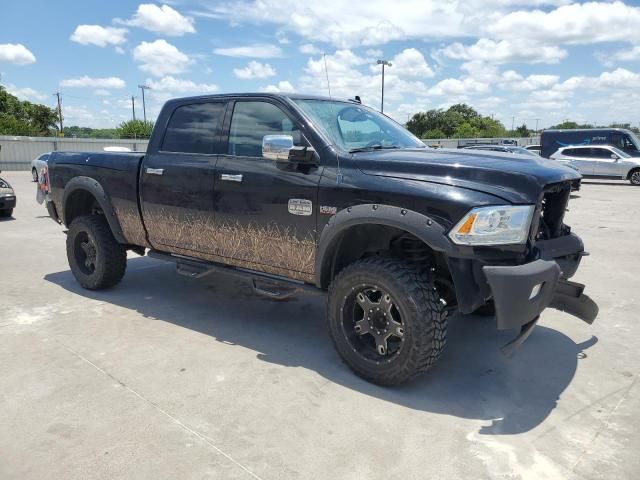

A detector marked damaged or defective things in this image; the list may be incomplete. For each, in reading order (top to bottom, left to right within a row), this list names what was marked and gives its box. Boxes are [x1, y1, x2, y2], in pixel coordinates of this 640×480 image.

damaged front bumper [482, 234, 596, 354]
cracked bumper cover [484, 256, 600, 332]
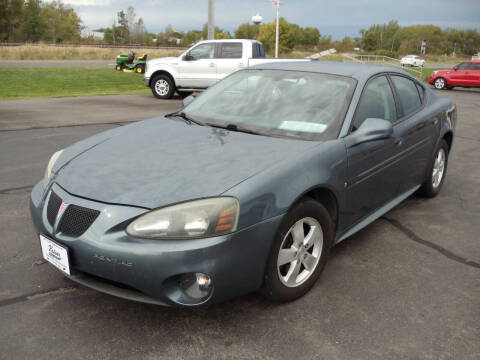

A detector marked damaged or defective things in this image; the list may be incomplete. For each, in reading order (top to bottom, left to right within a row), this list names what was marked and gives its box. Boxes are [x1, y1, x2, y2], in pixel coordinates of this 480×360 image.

crack in pavement [382, 215, 480, 268]
crack in pavement [0, 286, 79, 308]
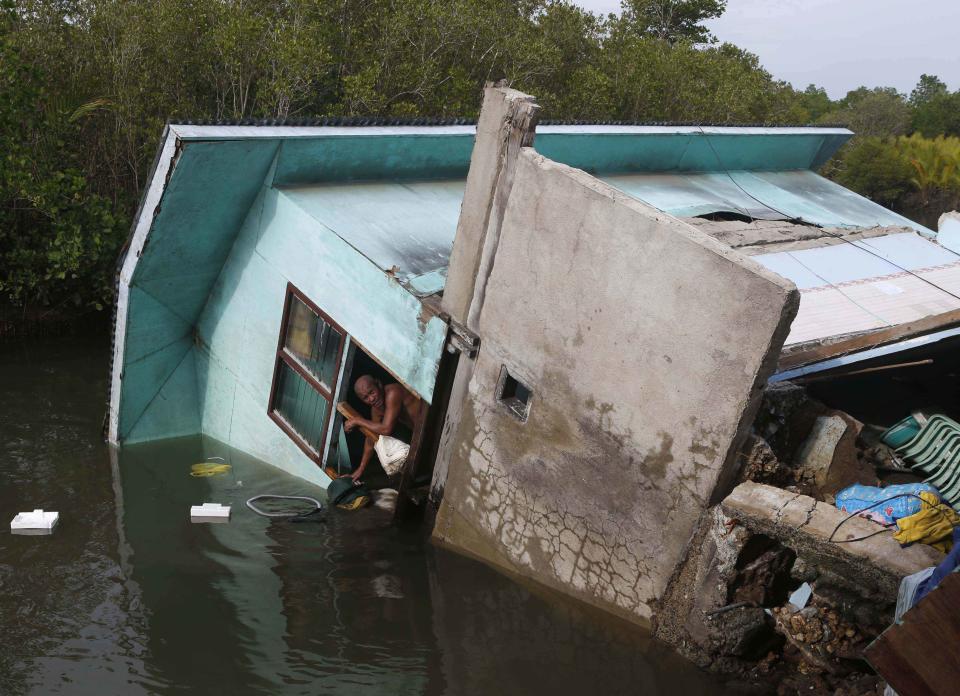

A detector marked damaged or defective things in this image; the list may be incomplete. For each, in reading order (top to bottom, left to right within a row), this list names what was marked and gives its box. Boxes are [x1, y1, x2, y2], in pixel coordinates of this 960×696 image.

cracked concrete wall [432, 150, 800, 624]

**AIM OF THE EXERCISE**
For this exercise, write out the listing verbatim and leave every image out.

**WRITTEN REPLY**
A detector marked damaged or defective things in this image; the list may be incomplete. For each, in reading order (top to bottom, left to right within a row), this list names what was marked and gives its box. Boxes are [x1, y1, x2, y2], in pixel coordinates of this 640×480 image.

damaged front bumper [482, 234, 596, 354]
cracked bumper cover [484, 256, 600, 332]

A detector marked damaged or defective things in this image; the list may be incomplete. For each, in reading order (top to bottom, left to right within a row), this list names what was marked and gives its box. Boxes are [x1, y1, x2, y2], in pixel coordinates of this 480×360 image.

crack in pavement [382, 215, 480, 268]
crack in pavement [0, 286, 79, 308]

A detector marked damaged or defective things in this image; the list may be incomplete. For each, in reading order (top to bottom, left to right within a row), this list names what was marked and gives its box. Boxes are [x1, y1, x2, y2], in pixel coordinates of this 960×696 image.

cracked concrete wall [432, 150, 800, 624]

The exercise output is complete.